** Opening Extracted records block **
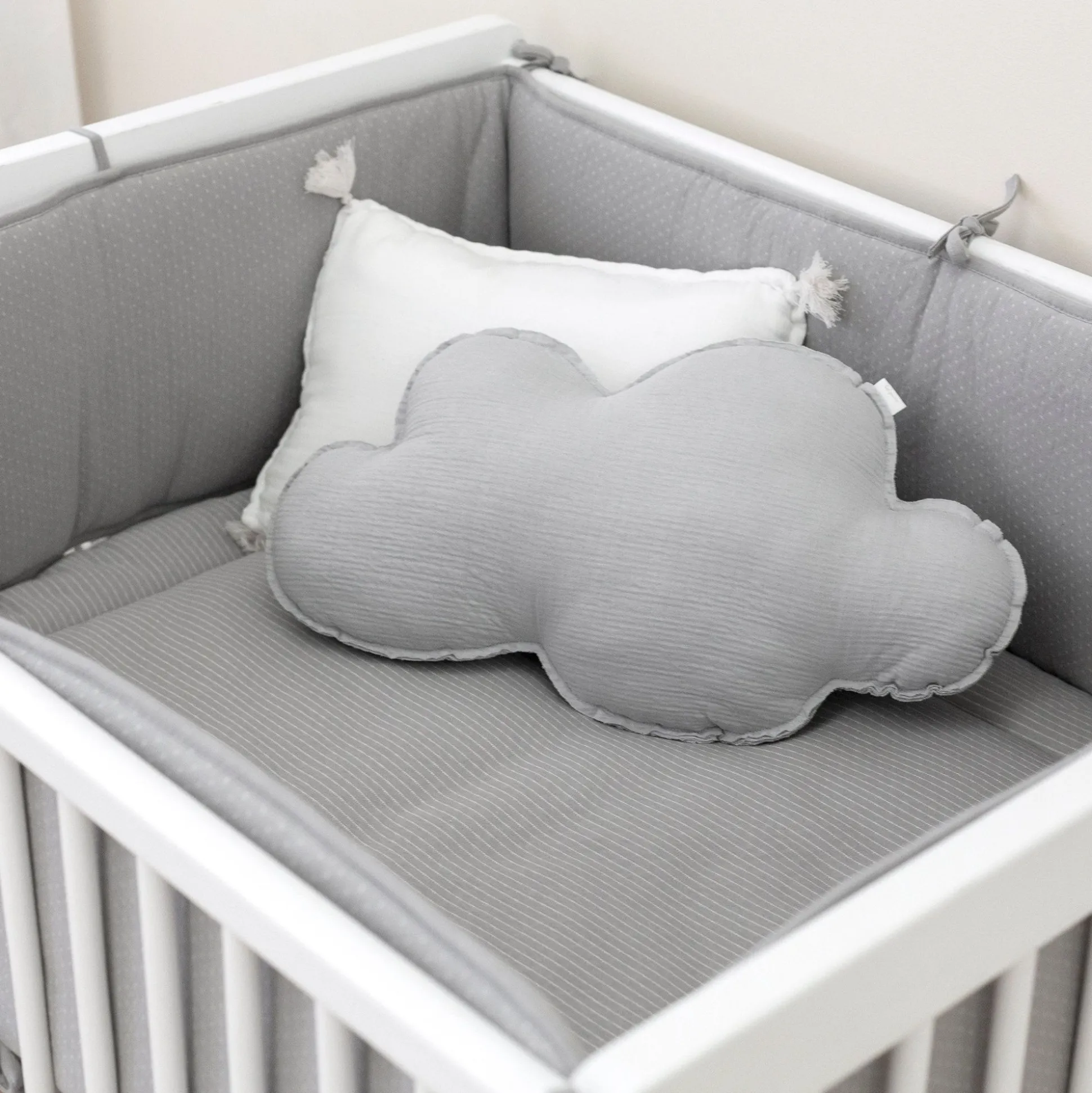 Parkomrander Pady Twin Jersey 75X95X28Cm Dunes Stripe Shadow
** Closing Extracted records block **
** Opening Extracted records block **
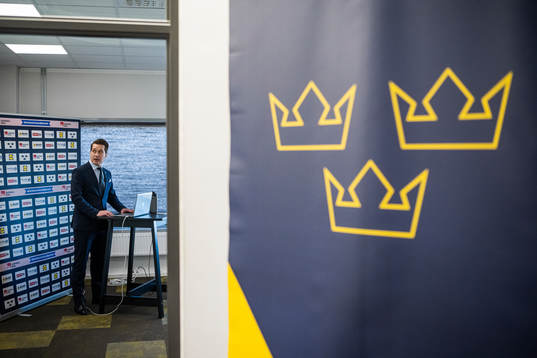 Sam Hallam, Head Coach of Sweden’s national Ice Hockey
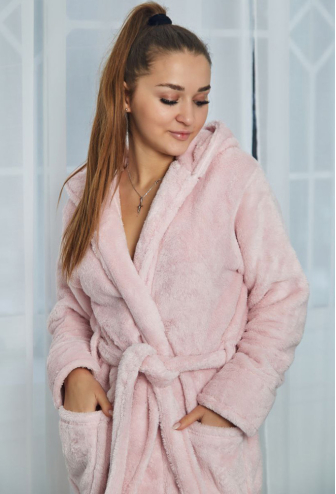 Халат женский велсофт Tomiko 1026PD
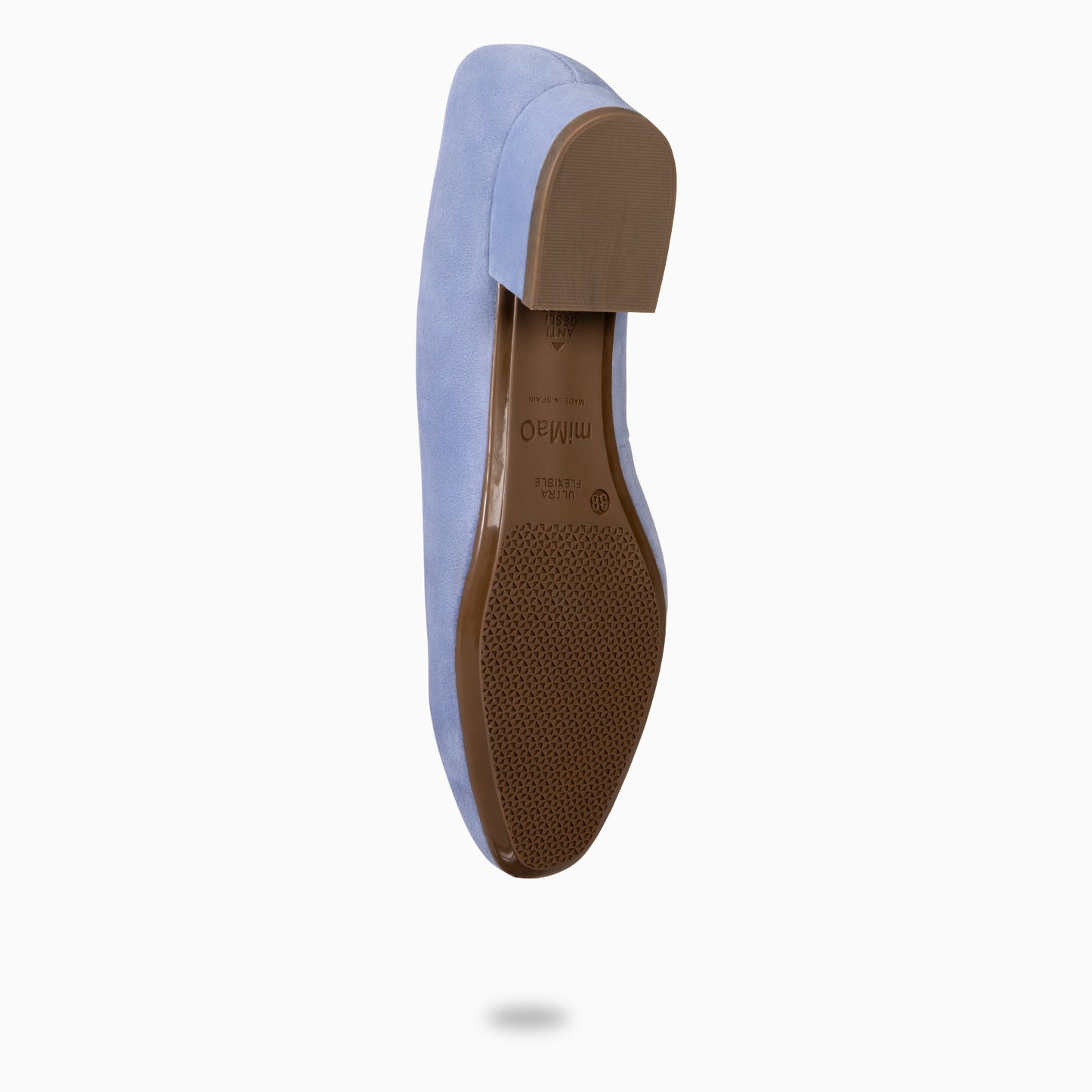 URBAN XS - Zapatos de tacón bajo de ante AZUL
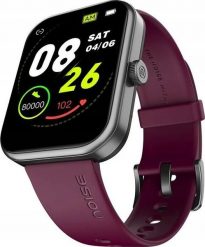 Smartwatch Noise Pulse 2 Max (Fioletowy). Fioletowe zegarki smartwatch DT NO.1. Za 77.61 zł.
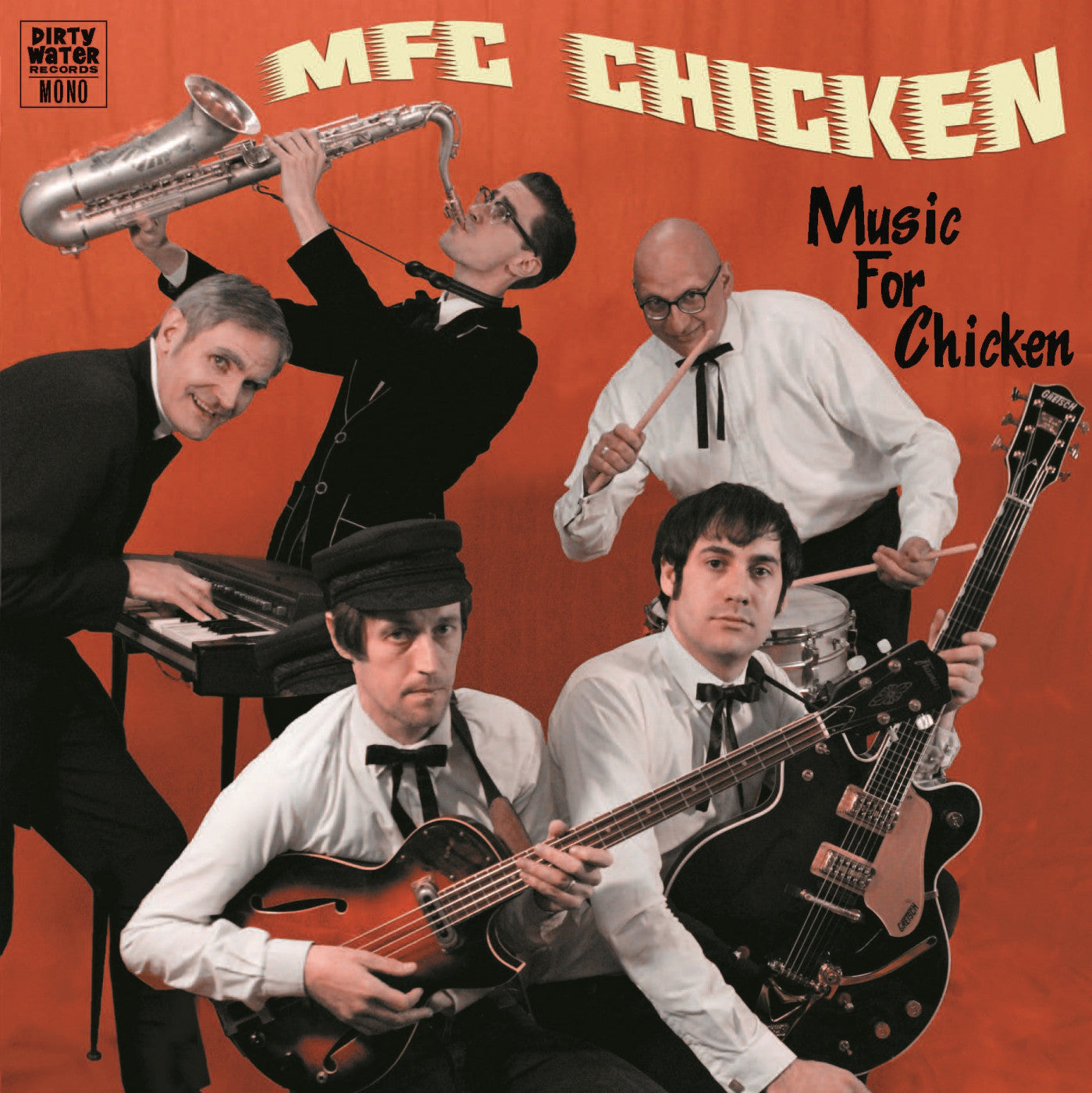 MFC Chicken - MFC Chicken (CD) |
** Closing Extracted records block **
** Opening Extracted records block **
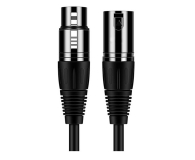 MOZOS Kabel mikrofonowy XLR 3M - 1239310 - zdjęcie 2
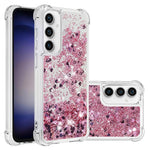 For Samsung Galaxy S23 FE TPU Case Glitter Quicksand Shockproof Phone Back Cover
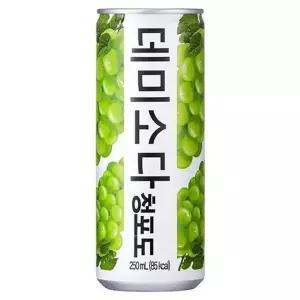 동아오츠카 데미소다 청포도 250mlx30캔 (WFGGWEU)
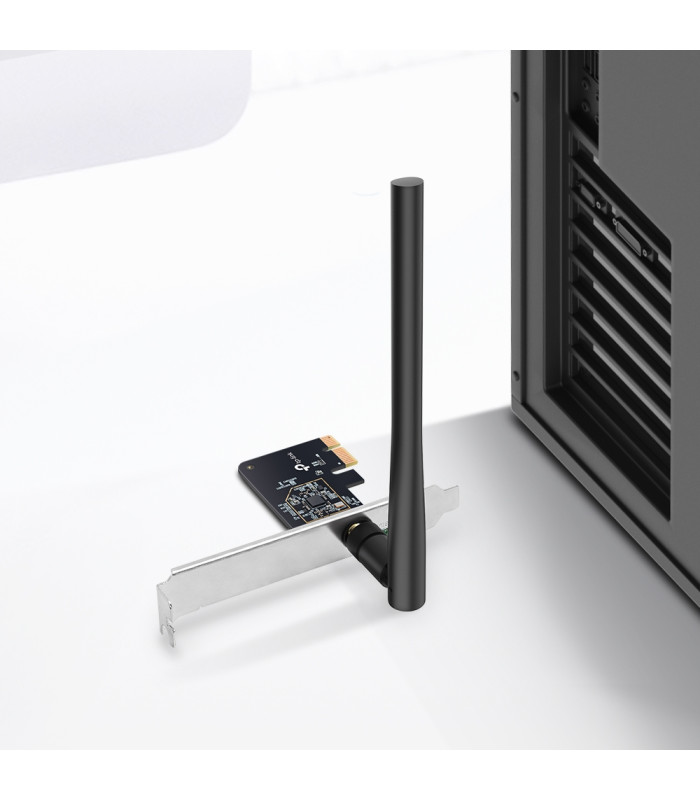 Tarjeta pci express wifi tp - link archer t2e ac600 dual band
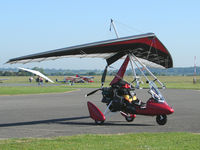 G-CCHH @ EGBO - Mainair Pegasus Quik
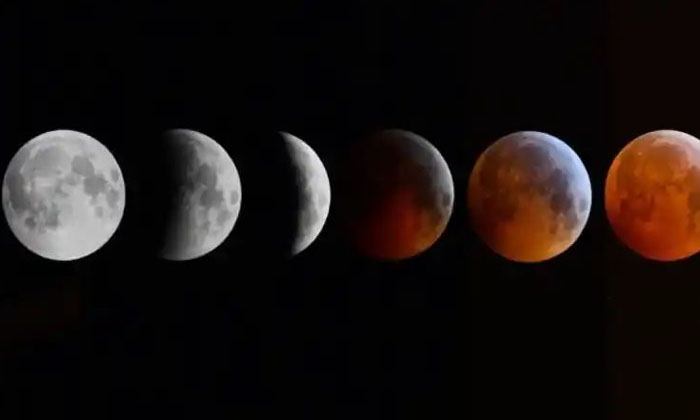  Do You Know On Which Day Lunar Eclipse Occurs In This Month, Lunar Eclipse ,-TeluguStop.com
** Closing Extracted records block **
Work instructions
Find the line with "URBAN XS - Zapatos" in the entries above. Set down exactly every line from it up to and including the line with "MFC Chicken - MFC Chicken (CD) |", images excluded.

Answer to this exercise
 URBAN XS - Zapatos de tacón bajo de ante AZUL
 Smartwatch Noise Pulse 2 Max (Fioletowy). Fioletowe zegarki smartwatch DT NO.1. Za 77.61 zł.
 MFC Chicken - MFC Chicken (CD) |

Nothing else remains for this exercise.